The logfile does sometimes show messages like:
%%%%%%%%%%% OPCOM 5-SEP-2013 08:42:42.53 %%%%%%%%%%%
Message from user WILLEM on DIANA
%PTSMTP-E-WORKERDIED, worker PTSMTP 0056 (21265CA4) terminated unexpectedly
-PTSMTP-I-WORKEREXIT, worker exiting
-PTSMTP-E-SOCKETFAILED, failed to create socket -
-SYSTEM-W-DEVALLOC, device already allocated to another user
-PTSMTP-I-WORKERCONN, while processing connection from <address>,<port>
for no reason (this may happen if there has been a bulk of messages before this message but here, it was rather quiet), and some days, I find:
%%%%%%%%%%% OPCOM 5-SEP-2013 11:32:35.30 %%%%%%%%%%%
Message from user TCPIP$SMTP on DIANA
%TCPIP-W-SMTP_NOSPAMRLY, Rejected relay to <user@domain> from client IP address 10.0.0.1 as suspected SPAM
but though this address is set up on my second network interface, it has been disabled:
$ tcpip sho int
Packets
Interface IP_Addr Network mask Receive Send MTU
LO0 127.0.0.1 255.0.0.0 330183 330183 4096
WE0 192.168.0.2 255.255.255.0 3620928 2038155 1500
WE1 ? 1 1 1500
$ tcpip sho conf
_Facility: inter
_PARAM1:
Interface: LO0
IP_Addr: 127.0.0.1 NETWRK: 255.0.0.0 BRDCST:
Interface: WE0
IP_Addr: 192.168.0.2 NETWRK: 255.255.255.0 BRDCST: 192.168.0.255
Interface: WE1
IP_Addr: 10.0.0.1 NETWRK: 255.0.0.0 BRDCST: 10.255.255.255
$ tcpip ifconf -a
LO0: flags=100c89<up ,LOOPBACK,NOARP,MULTICAST,SIMPLEX,NOCHECKSUM>
inet 127.0.0.1 netmask ff000000 ipmtu 4096
TN0: flags=80<noarp>
TN1: flags=80</noarp><noarp>
WE0: flags=c43<up ,BROADCAST,RUNNING,MULTICAST,SIMPLEX>
*inet 192.168.0.2 netmask ffffff00 broadcast 192.168.0.255 ipmtu 1500
inet 192.168.0.200 netmask ffffff00 broadcast 192.168.0.255 ipmtu 1500
WE1: flags=c02<broadcast ,MULTICAST,SIMPLEX>
*inet 10.0.0.1 netmask ff000000 broadcast 10.255.255.255 ipmtu 1500</broadcast></up></noarp></up>
I didn’t see this before, it is just the last week or so that this happens. Nothing particular is found in the PMAS log files for these addresses, so I turned to the most reliable source of traffic of incoming and outgoing traffic:the router/firewall log. And there it was:
Sep 22 02:56:59 charon.intra.grootersnet.nl Charon2: [FILTER][Pass][WAN->LAN/RT/VPN, 414:40:37 ][@S:R=13:1, 208.75.123.163:60401->192.168.0.200:2525][TCP][HLen=20, TLen=60, Flag=S, Seq=4070629722, Ack=0, Win=5840]

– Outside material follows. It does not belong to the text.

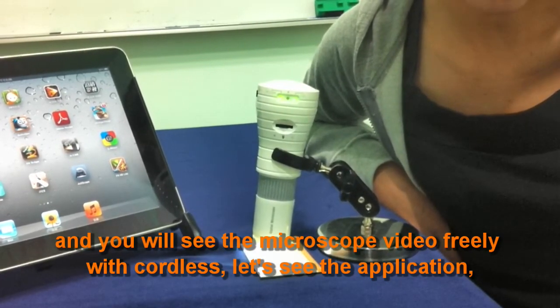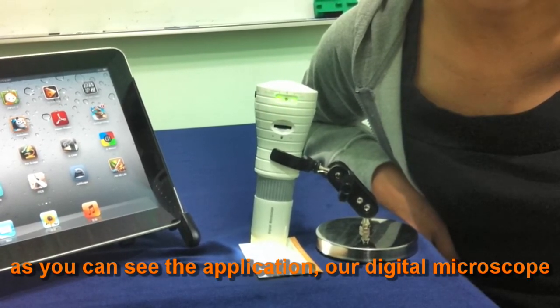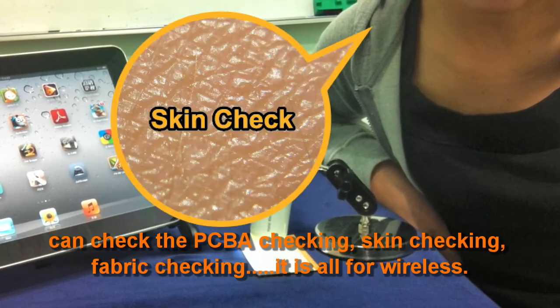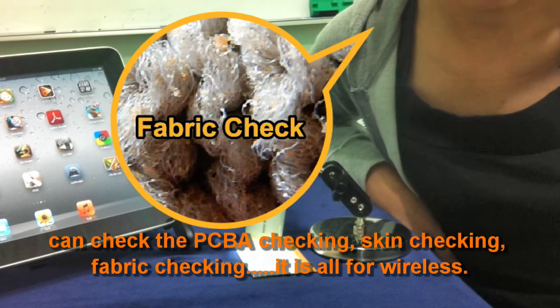Let's see the applications. As you can see, our digital microscope can be used for PCB checking, skin checking, and vibrate checking. It's all wireless.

Sep 22 02:56:59 charon.intra.grootersnet.nl Charon2: [FILTER][Pass][LAN/RT/VPN->WAN, 414:40:37 ][@S:R=13:1, 192.168.0.200:2525->208.75.123.163:60401][TCP][HLen=20, TLen=48, Flag=AS, Seq=3896561846, Ack=4070629723, Win=16824]
Sep 22 02:57:03 charon.intra.grootersnet.nl Charon2: [CSM_AE][Block][eDonkey][@S:R=13:1, 192.168.0.200:2525->208.75.123.163:60401][TCP][HLen=20, TLen=148, Flag=AP, Seq=3896562051, Ack=4070629856, Win=16824]
Sure, from the address 208.75.123.163 there has been a connection to port 2525 – which is PMAS, and there is a first reply almost immediately. But a second reply is blocked by the router, due to it’s signature (I don’t allow torrents and bulk downloads from my server). I just have to guess what they might have sent to the server – by mail – causing PMAS to respond in that way, there is no way to tell: the firewall log doesn’t tell, and PMAS doesn’t point to anything. After latest reboot, the worker logs were not enabled automatically so there is no data on that – yet.
The same applies to the second address: 87.106.96.232. Neither of these can really be tracked down to a particular provider. So I had to ban them from the network.